Photo by Mike Schumann / The Daily Hoosier

IU Football: Cornerback Tiawan Mullen’s Confidence is Translating as True Freshman

At 5-foot-10 and 175 pounds, if you believe those measurements, nothing stands out about Tiawan Mullen when he is on the sidelines.

In fact, when he is mixed in with an entire Big Ten football team, you might miss Mullen altogether.

But when the true freshman cornerback crosses the white lines and you put him out on an island?

Well, you notice.

Michigan State fifth year senior wide receiver Darnell Stewart entered his matchup against Indiana tied for ninth in the nation with 7.5 receptions per game.

According to IU defensive coordinator Kane Wommack, the 6-foot-2 and 216 pound Stewart was 0-for-6 when he was targeted while matched up against Mullen.

“He (Mullen) is just a player that the big stage comes natural to him,” Wommack said.  “He just elevates his game to the level of the competition.”

And whatever he may lack in size, Mullen more than makes up for with his other natural gifts according to his defensive coordinator.

“He certainly is not the biggest guy when he walks out there,” Wommack said.  “Athletically he is a very gifted athlete.”

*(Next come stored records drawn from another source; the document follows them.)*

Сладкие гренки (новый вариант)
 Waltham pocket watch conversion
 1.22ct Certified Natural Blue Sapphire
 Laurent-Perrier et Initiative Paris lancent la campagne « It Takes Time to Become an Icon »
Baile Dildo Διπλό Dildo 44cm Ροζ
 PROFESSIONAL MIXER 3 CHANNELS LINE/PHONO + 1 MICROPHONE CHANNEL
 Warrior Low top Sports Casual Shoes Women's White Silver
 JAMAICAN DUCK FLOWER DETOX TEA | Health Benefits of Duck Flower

Mullen was a priority four-star recruit for IU out of Coconut Creek High School in Fort Lauderdale, Florida.

As the originator of the moniker “New Wave” in reference to IU’s highly touted 2019 recruiting class, Mullen came to Bloomington with some swagger.

But like all freshman, how that would translate to the football field wasn’t entirely clear.

“You really never know how a freshman is going to respond when they actually get to campus,” head coach Tom Allen said.

But there was one thing about Mullen that stood out to Allen and the IU coaching staff, even going back to his high school days.

“Very humble, doesn’t talk a lot, isn’t a real loud guy,” Allen said.  “But extremely confident.”

Mullen said he arrived on campus knowing that he can compete at this level.

“Entering college I always had the confidence,” Mullen said.  “It just happens to be that game that I showed everybody that I can compete (against Michigan State).”

Part of that confidence may stem from going up against elite athletes his entire life.  In some ways, playing in the Big Ten is a step down for Mullen.

Mullen’s brother Trayvon played football at Clemson and is currently a cornerback for the Oakland Raiders.  He also has a younger brother that is on the power five college football path.

Oh, and his cousin?  Baltimore Ravens’ starting quarterback and Heisman Trophy winner Lamar Jackson.

Mullen credits his family pedigree for his early success, but he also points to preparation and coaching during the week for getting him ready for the big stage.

“He (cornerback coach Brandon Shelby) puts me in the right position and the right technique form to go out there and execute,” Mullen said.

“The game is Monday through Friday.  Saturday is just fun day for me.”

While Mullen was a top recruit for the Hoosiers, the opportunity he was offered at IU didn’t come with any guarantees of early playing time.

“He wasn’t promised any playing time early, but he was promised the opportunity to come and compete to play,” Allen said.  “He got his shot and he took advantage of it.”

Mullen has appeared in all five games for Indiana and leads the team with five pass breakups.  Four of those came against the Spartans.

On the season Mullen has allowed just one catch in twelve targets according to Pro Football Focus.

It may be too early to label him a shut down corner, but it isn’t too early to recognize that Mullen is answering the bell as a true freshman.

“At the end of the day you either step up and makes plays, or you don’t, and Tiawan Mullen is making plays right now,” Wommack said.

While the early returns are positive for Mullen, that also creates the next challenge.

Mullen entered the Michigan State game as a relative unknown, but he won’t have that luxury going forward.

“Now he’s no longer a guy that people may not know as much about,” Allen said.

“He’s got a long way to go when it comes to being a complete Big Ten football player because there is a lot to it, but he cares a bunch, competes his tail off, and he’s an awesome young man.”

Mullen of course is not phased by any of it.

Ready for the next challenge, he has his sights set higher than you might expect for a true freshman cornerback.

“I feel like I can be one of the best cornerbacks in the Big Ten,” Mullen said.

Extremely confident indeed.

But with Mullen’s early body of work and natural gifts, few are going to doubt that statement.